◆ **Aim of the exercise**:
Leave every picture out and write out the records below exactly.
BEGIN The data
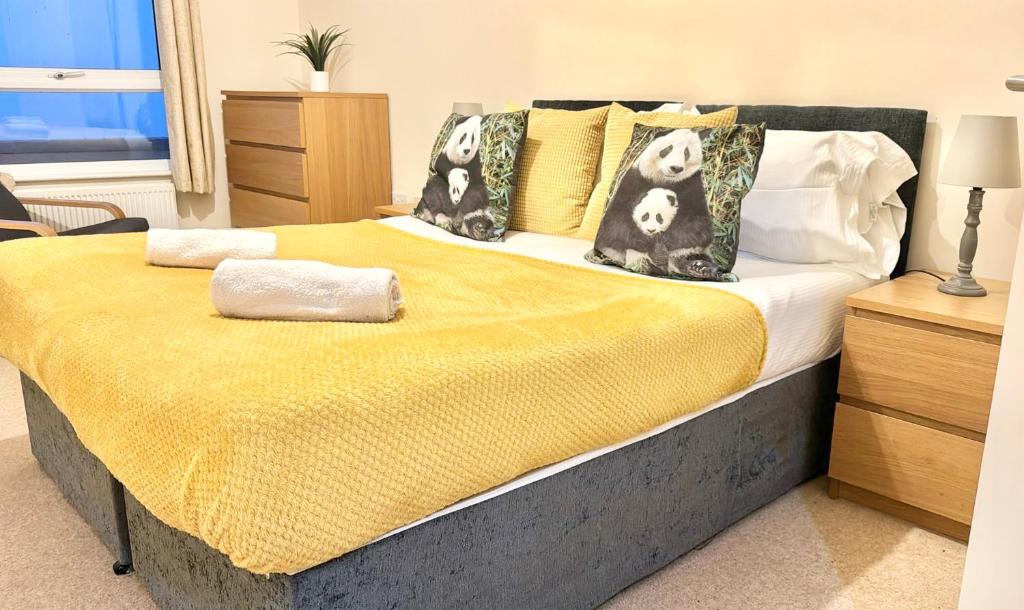 a bedroom with a large bed with a yellow blanket at Large 2 Bedroom Apartment in Ashford with PARKING in Ashford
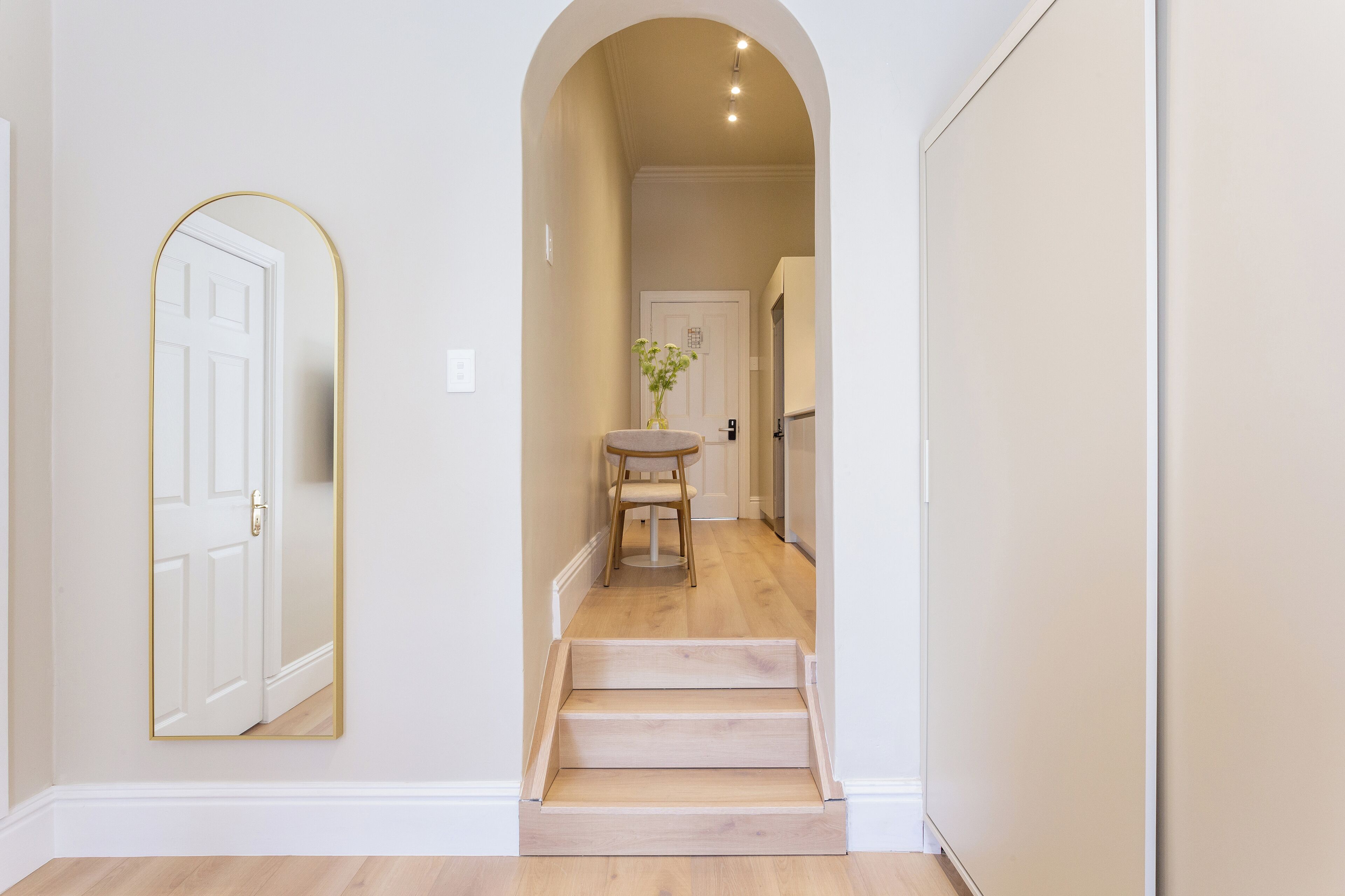 A hallway with a wooden staircase, a white door, and a small table with a vase.
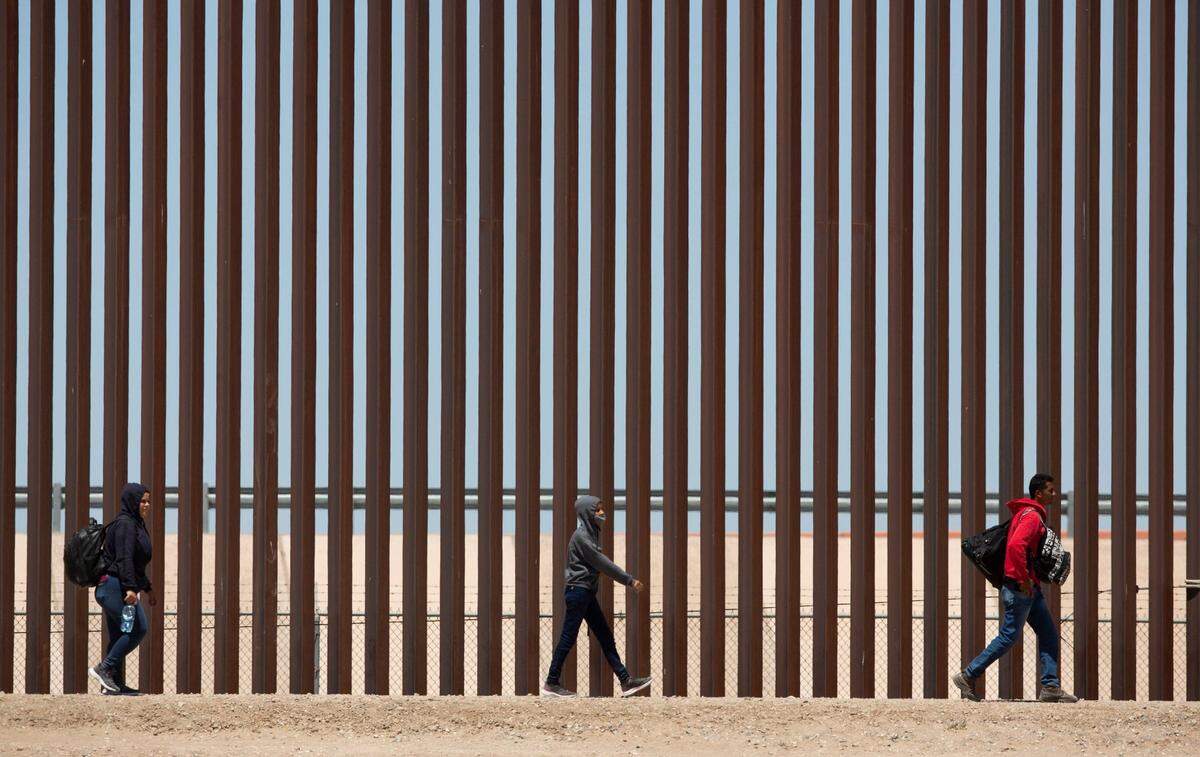Migrants await to be processed at gate 40 of the border wall after having crossed the Rio Grande from Ciudad Juarez in hopes of turning themselves in with the intention of seeking asylum.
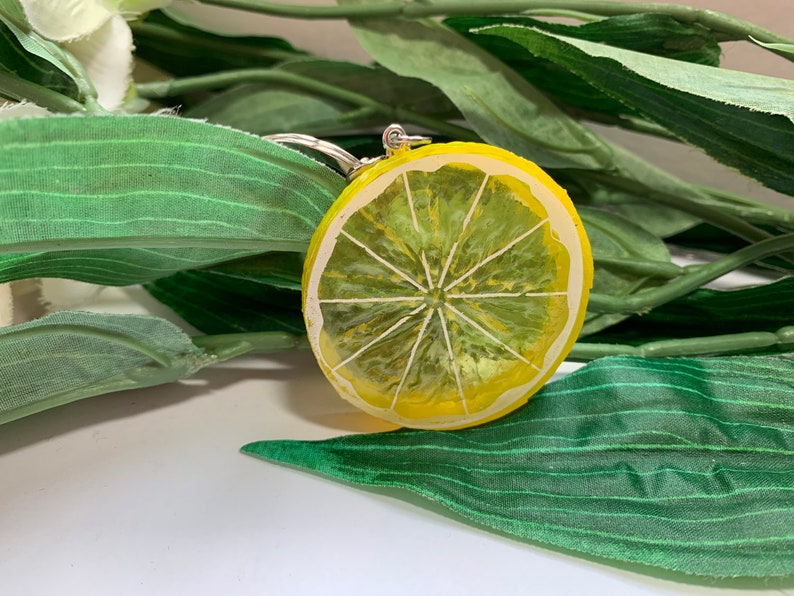 May include: A yellow and green lemon slice keychain. The keychain is round with a painted design of a lemon slice, featuring white segments and a yellow rind. The background includes green leaves.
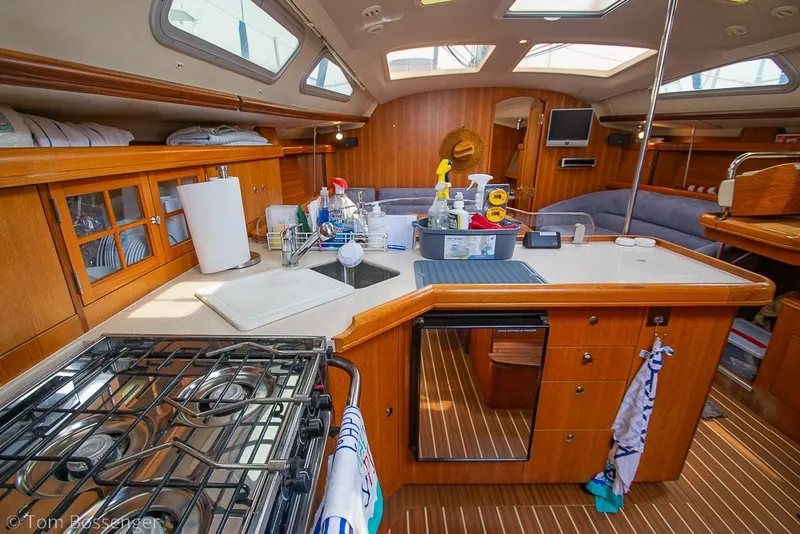 Slide: The Image of Interior of 2007 Hunter 41 Aft Cockpit yacht with modern kitchen and wooden cabinetry. - 14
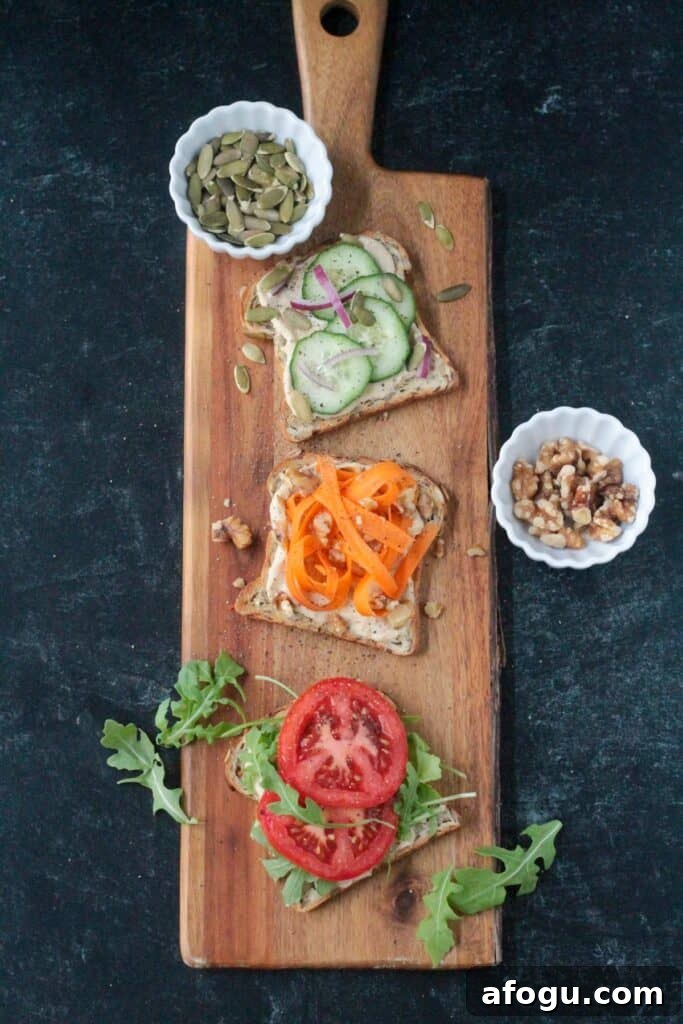 10 Creative Hummus Toast Recipes for Quick Snacks 7 Cucumber hummus toast, carrot hummus toast, and tomato hummus toast on a serving board.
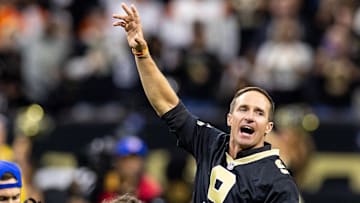 Oct 17, 2024; New Orleans, Louisiana, USA;  Former New Orleans Saints quarterback Drew Brees on the field for the coin toss against the Denver Broncos during the first half at Caesars Superdome. Mandatory Credit: Stephen Lew-Imagn Images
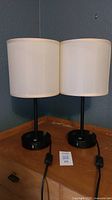 Two black touch lamps with cream shades placed side by side on a wooden surface, showing overall design and size.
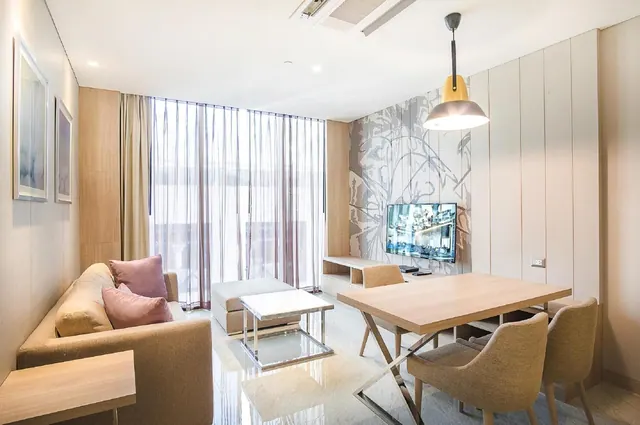 A living and dining area with a sofa and cushions, a wall-mounted television, a wooden dining table with four chairs, and floor-to-ceiling sheer curtains by the window.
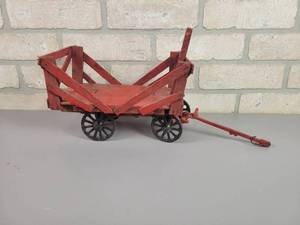 lot 48 image: Cast Iron Running Gear w Wood Hay Rack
END The data
◆ **Reply**:
 a bedroom with a large bed with a yellow blanket at Large 2 Bedroom Apartment in Ashford with PARKING in Ashford
 A hallway with a wooden staircase, a white door, and a small table with a vase.
Migrants await to be processed at gate 40 of the border wall after having crossed the Rio Grande from Ciudad Juarez in hopes of turning themselves in with the intention of seeking asylum.
 May include: A yellow and green lemon slice keychain. The keychain is round with a painted design of a lemon slice, featuring white segments and a yellow rind. The background includes green leaves.
 Slide: The Image of Interior of 2007 Hunter 41 Aft Cockpit yacht with modern kitchen and wooden cabinetry. - 14
 10 Creative Hummus Toast Recipes for Quick Snacks 7 Cucumber hummus toast, carrot hummus toast, and tomato hummus toast on a serving board.
 Oct 17, 2024; New Orleans, Louisiana, USA;  Former New Orleans Saints quarterback Drew Brees on the field for the coin toss against the Denver Broncos during the first half at Caesars Superdome. Mandatory Credit: Stephen Lew-Imagn Images
 Two black touch lamps with cream shades placed side by side on a wooden surface, showing overall design and size.
 A living and dining area with a sofa and cushions, a wall-mounted television, a wooden dining table with four chairs, and floor-to-ceiling sheer curtains by the window.
 lot 48 image: Cast Iron Running Gear w Wood Hay Rack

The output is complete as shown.